According to a recent report, if you are in need to go to a pharmacy, you don’t have to worry about locating it, because it will find you.
Privacy experts say that a latest coding bug in the CVS app is causing the US retail pharmacy to involuntarily share its user’s location with over 40 network servers.
The application for the store gives you the access to search for proximate pharmacies and to get vouchers and get refills for your prescriptions virtually. But, a single huge fault in the app is putting the users’ privacy in jeopardy.
According to the director of security and privacy research at the ICSI, Mr. Serge Egelman, there is a major privacy blunder with the application’s store detector option, which results in giving out the Global Positioning System coordinates to numerous external bodies.
He said that the store finder option basically works by directing your current site to the firm’s own servers, where it is used for finding out if there are any drug stores close by to you.
But, his group found out that the issue is that it doesn’t just send this information to the firm’s servers, it also sends all of these details to every random server that gets loaded on the page.
This means that every other link that turns up while you are on the store finder page, whether it’s an ad from the Google or any independent website, all of them receive your whereabouts.

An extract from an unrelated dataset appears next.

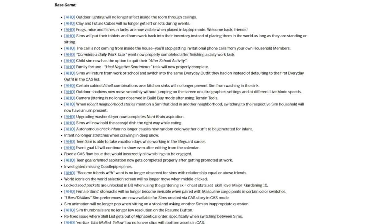For High School Years, teen sims will no longer randomly stop taking exams. For Lovestruck, you can now pay bills when they're due. They have error fixes for error 121 and 123.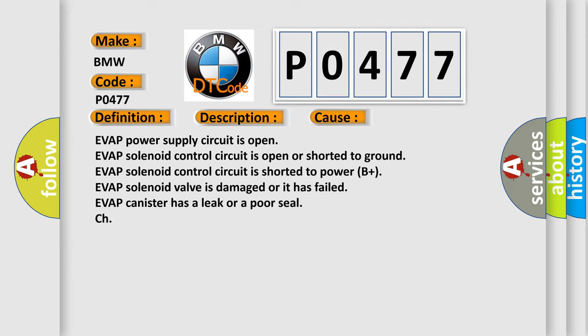This diagnostic error occurs most often in these cases: EVAP power supply circuit is open; EVAP solenoid control circuit is open or shorted to ground; EVAP solenoid control circuit is shorted to power B+; EVAP solenoid valve is damaged or has failed; EVAP canister has a leak or poor seal.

Egelman said that a couple of the links that have been reported to receive users’ sites from the CVS app include googleadservices.com and static.ads-twitter.com. He further said that he is not of the opinion that the CVS is willingly attempting to trade the whereabouts of its users.
He said that the manner in which the data is being shared and the entities with whom it is being shared appear to be nothing but a huge error. He believes that the sole reason behind this mishap could be bad coding. However, he did admit that he can’t say anything with certainty.
So far, the issue has only been seen in the android version of the application. But, it’s still unsure if the iOS app is safe from it because Egelman and his team haven’t looked into it that deeply yet.